Aim of the task:
Only one stretch of the data below should be repeated: the lines from the line containing "Pfalzgraff Grapevine gravy" through the line containing "Baño de Finca", inclusive, exactly as they are.

:: Exercise input ::

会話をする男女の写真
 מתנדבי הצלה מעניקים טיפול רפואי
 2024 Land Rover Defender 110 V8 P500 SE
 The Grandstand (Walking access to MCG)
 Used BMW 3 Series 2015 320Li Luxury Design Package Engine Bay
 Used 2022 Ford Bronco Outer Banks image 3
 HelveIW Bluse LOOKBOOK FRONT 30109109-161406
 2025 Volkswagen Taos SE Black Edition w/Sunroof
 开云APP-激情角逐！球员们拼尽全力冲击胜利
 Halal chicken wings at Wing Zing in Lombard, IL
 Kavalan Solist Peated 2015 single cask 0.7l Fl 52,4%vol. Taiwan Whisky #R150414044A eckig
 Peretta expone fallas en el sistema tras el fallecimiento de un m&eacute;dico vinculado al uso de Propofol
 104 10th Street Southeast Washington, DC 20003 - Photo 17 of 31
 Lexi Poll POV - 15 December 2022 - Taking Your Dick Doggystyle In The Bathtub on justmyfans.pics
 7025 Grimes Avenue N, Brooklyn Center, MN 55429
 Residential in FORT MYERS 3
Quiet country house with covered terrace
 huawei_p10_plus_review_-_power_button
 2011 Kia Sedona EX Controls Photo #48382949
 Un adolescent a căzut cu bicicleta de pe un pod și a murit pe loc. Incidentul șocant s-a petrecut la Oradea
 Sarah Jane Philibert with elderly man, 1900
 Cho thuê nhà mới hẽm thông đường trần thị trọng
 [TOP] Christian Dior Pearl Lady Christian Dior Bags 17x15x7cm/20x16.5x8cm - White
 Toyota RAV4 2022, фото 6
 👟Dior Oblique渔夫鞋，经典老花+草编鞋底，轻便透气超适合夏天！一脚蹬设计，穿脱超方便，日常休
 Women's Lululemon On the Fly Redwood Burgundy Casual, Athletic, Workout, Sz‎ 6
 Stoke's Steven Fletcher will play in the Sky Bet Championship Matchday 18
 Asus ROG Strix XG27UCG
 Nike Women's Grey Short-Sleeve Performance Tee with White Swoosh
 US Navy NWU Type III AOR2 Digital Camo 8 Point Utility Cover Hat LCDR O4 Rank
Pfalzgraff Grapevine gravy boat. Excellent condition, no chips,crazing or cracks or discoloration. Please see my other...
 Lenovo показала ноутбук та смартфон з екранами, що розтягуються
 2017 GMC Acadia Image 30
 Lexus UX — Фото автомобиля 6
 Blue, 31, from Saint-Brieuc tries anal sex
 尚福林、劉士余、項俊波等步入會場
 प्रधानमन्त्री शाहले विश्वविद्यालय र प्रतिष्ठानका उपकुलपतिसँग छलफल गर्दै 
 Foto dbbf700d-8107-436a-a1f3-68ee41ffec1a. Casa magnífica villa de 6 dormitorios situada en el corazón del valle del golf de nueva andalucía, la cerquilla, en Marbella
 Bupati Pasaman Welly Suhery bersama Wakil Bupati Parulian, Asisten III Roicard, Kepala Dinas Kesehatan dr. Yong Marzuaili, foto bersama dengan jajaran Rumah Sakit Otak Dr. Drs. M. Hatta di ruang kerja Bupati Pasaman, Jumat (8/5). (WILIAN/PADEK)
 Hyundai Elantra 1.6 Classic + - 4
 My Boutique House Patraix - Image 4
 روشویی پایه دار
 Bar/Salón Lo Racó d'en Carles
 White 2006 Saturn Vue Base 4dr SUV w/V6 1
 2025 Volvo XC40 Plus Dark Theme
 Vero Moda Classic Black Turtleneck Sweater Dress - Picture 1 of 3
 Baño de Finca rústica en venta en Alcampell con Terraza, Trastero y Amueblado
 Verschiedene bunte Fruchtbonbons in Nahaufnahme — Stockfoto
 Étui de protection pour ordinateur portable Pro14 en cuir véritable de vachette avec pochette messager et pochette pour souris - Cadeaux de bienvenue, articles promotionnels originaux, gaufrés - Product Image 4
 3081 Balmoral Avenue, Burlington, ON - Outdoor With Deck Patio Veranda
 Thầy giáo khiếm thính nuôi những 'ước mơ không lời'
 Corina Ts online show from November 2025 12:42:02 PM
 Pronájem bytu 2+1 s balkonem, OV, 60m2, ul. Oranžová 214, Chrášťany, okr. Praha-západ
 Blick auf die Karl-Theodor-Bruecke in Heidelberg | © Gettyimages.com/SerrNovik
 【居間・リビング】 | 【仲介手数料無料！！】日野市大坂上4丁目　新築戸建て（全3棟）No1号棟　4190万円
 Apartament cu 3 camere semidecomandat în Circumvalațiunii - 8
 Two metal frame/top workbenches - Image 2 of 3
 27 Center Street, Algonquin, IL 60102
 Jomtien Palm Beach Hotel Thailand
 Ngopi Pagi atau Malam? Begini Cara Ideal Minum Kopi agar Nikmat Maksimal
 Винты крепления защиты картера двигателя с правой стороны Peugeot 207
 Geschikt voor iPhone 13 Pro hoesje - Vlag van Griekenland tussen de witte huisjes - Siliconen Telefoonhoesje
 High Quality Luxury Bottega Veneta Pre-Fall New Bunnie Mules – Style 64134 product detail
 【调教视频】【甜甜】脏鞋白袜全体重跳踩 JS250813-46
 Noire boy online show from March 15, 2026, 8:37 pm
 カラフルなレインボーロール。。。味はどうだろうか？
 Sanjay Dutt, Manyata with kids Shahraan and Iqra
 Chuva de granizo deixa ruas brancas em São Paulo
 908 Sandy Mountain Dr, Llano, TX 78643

:::

Your solution:
Pfalzgraff Grapevine gravy boat. Excellent condition, no chips,crazing or cracks or discoloration. Please see my other...
 Lenovo показала ноутбук та смартфон з екранами, що розтягуються
 2017 GMC Acadia Image 30
 Lexus UX — Фото автомобиля 6
 Blue, 31, from Saint-Brieuc tries anal sex
 尚福林、劉士余、項俊波等步入會場
 प्रधानमन्त्री शाहले विश्वविद्यालय र प्रतिष्ठानका उपकुलपतिसँग छलफल गर्दै 
 Foto dbbf700d-8107-436a-a1f3-68ee41ffec1a. Casa magnífica villa de 6 dormitorios situada en el corazón del valle del golf de nueva andalucía, la cerquilla, en Marbella
 Bupati Pasaman Welly Suhery bersama Wakil Bupati Parulian, Asisten III Roicard, Kepala Dinas Kesehatan dr. Yong Marzuaili, foto bersama dengan jajaran Rumah Sakit Otak Dr. Drs. M. Hatta di ruang kerja Bupati Pasaman, Jumat (8/5). (WILIAN/PADEK)
 Hyundai Elantra 1.6 Classic + - 4
 My Boutique House Patraix - Image 4
 روشویی پایه دار
 Bar/Salón Lo Racó d'en Carles
 White 2006 Saturn Vue Base 4dr SUV w/V6 1
 2025 Volvo XC40 Plus Dark Theme
 Vero Moda Classic Black Turtleneck Sweater Dress - Picture 1 of 3
 Baño de Finca rústica en venta en Alcampell con Terraza, Trastero y Amueblado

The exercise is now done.